## WORK TASK
Keep the wording of the records intact as you retype them, and omit every image.
====== DATASET EXTRACT ======
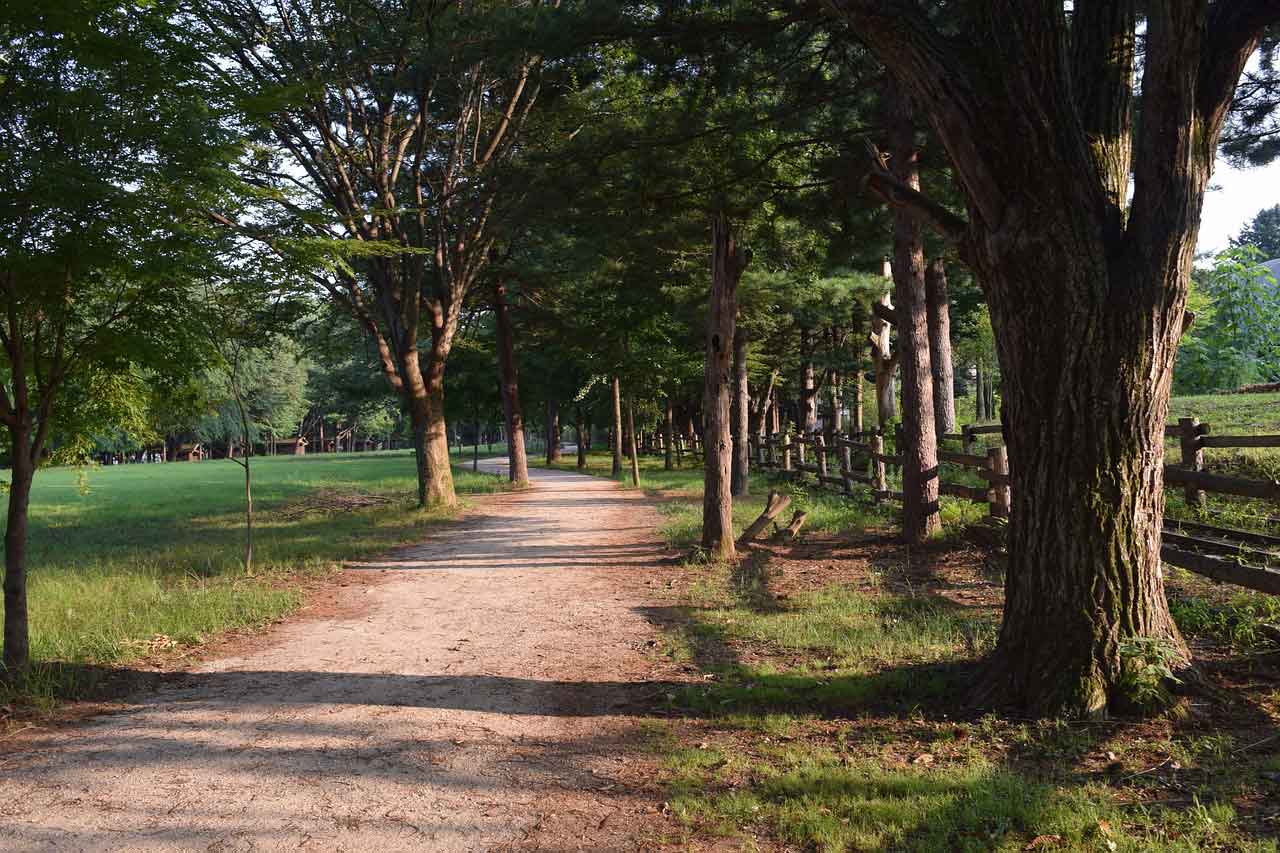 Tempat Wisata Korea Selatan yang Paling Unik Nami Island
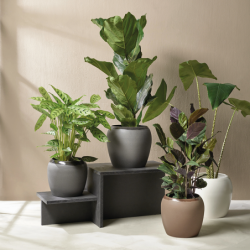 Planter Charcoal Ø22cm - Bruna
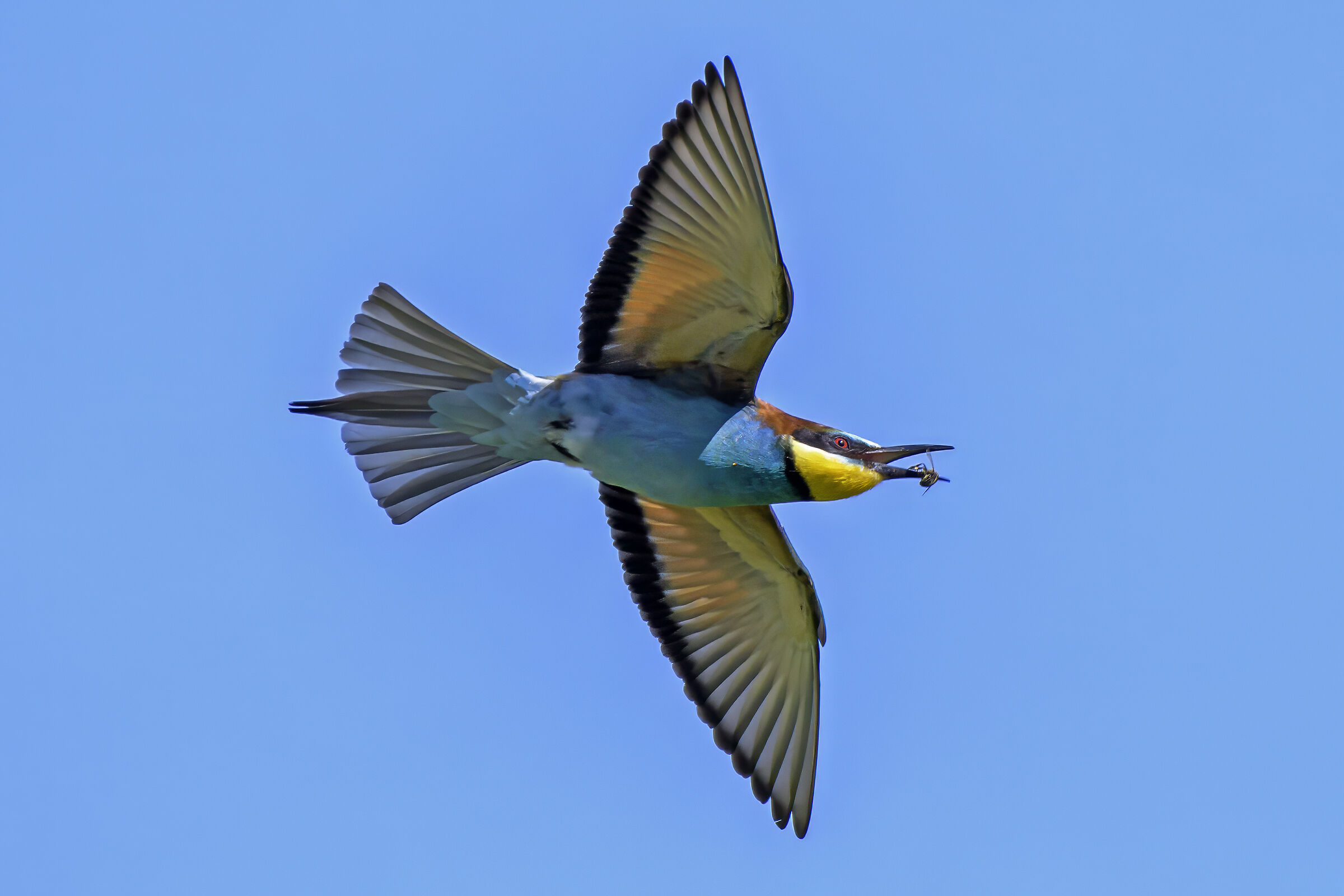 The Bee Eater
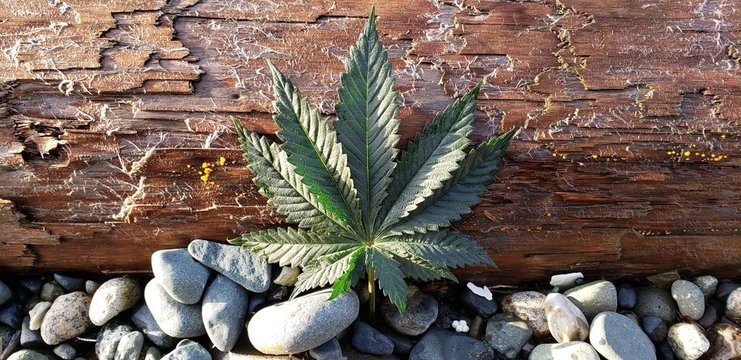 West Coast Cannabis Leaf_3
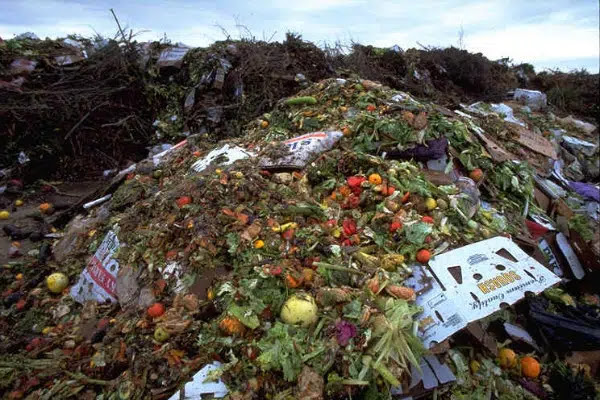 Σπατάλη τροφίμων. Πόσα τρόφιμα πετάμε πραγματικά κάθε χρόνο - Φωτογραφία 7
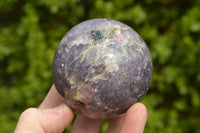 Polished Small Purple Lepidolite Spheres (Rubellite Inclusions on some) x 6 From Madagascar - TopRock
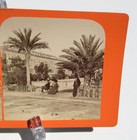 NICE FRANCE QUAI DES PALMIERS (PALM TREE QUAY) VIEW OF RIVERBED STEREOVIEW — photo 2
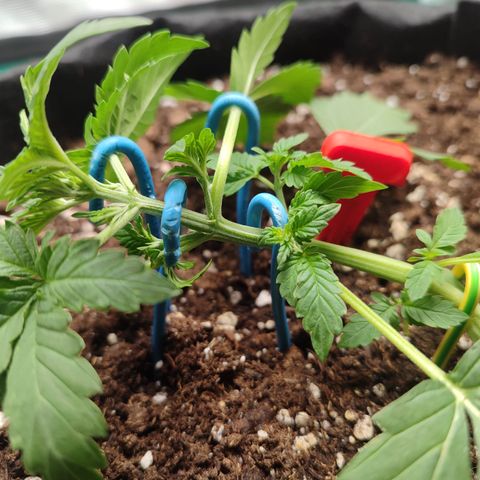Royal Gorilla growlog timeline photo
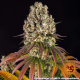 Sour Diesel - BARNEY'S FARM | TanieSianie.pl
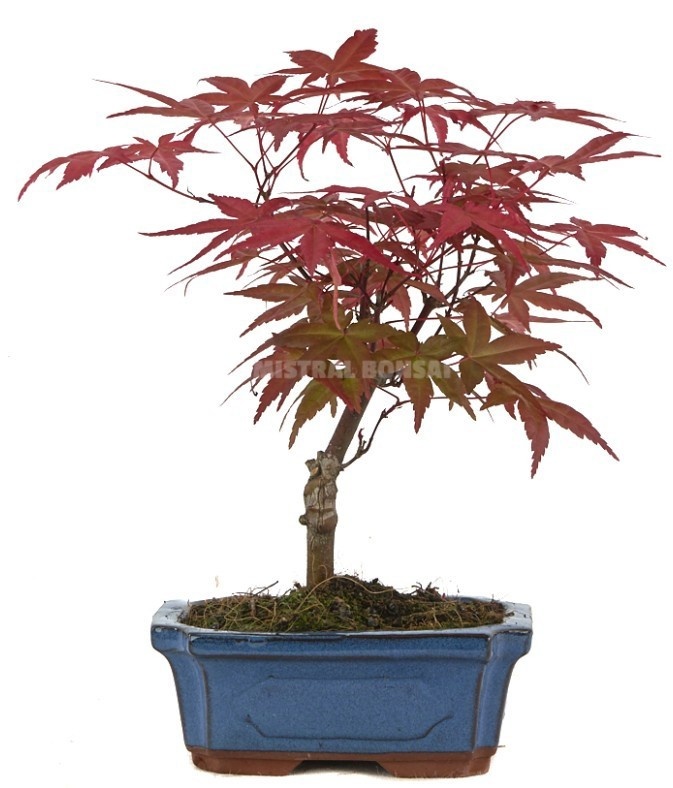 Acer palmatum 'Deshojo' - Esdoorn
======
## SOLUTION BELOW
 Tempat Wisata Korea Selatan yang Paling Unik Nami Island
 Planter Charcoal Ø22cm - Bruna
 The Bee Eater
 West Coast Cannabis Leaf_3
 Σπατάλη τροφίμων. Πόσα τρόφιμα πετάμε πραγματικά κάθε χρόνο - Φωτογραφία 7
 Polished Small Purple Lepidolite Spheres (Rubellite Inclusions on some) x 6 From Madagascar - TopRock
 NICE FRANCE QUAI DES PALMIERS (PALM TREE QUAY) VIEW OF RIVERBED STEREOVIEW — photo 2
Royal Gorilla growlog timeline photo
 Sour Diesel - BARNEY'S FARM | TanieSianie.pl
 Acer palmatum 'Deshojo' - Esdoorn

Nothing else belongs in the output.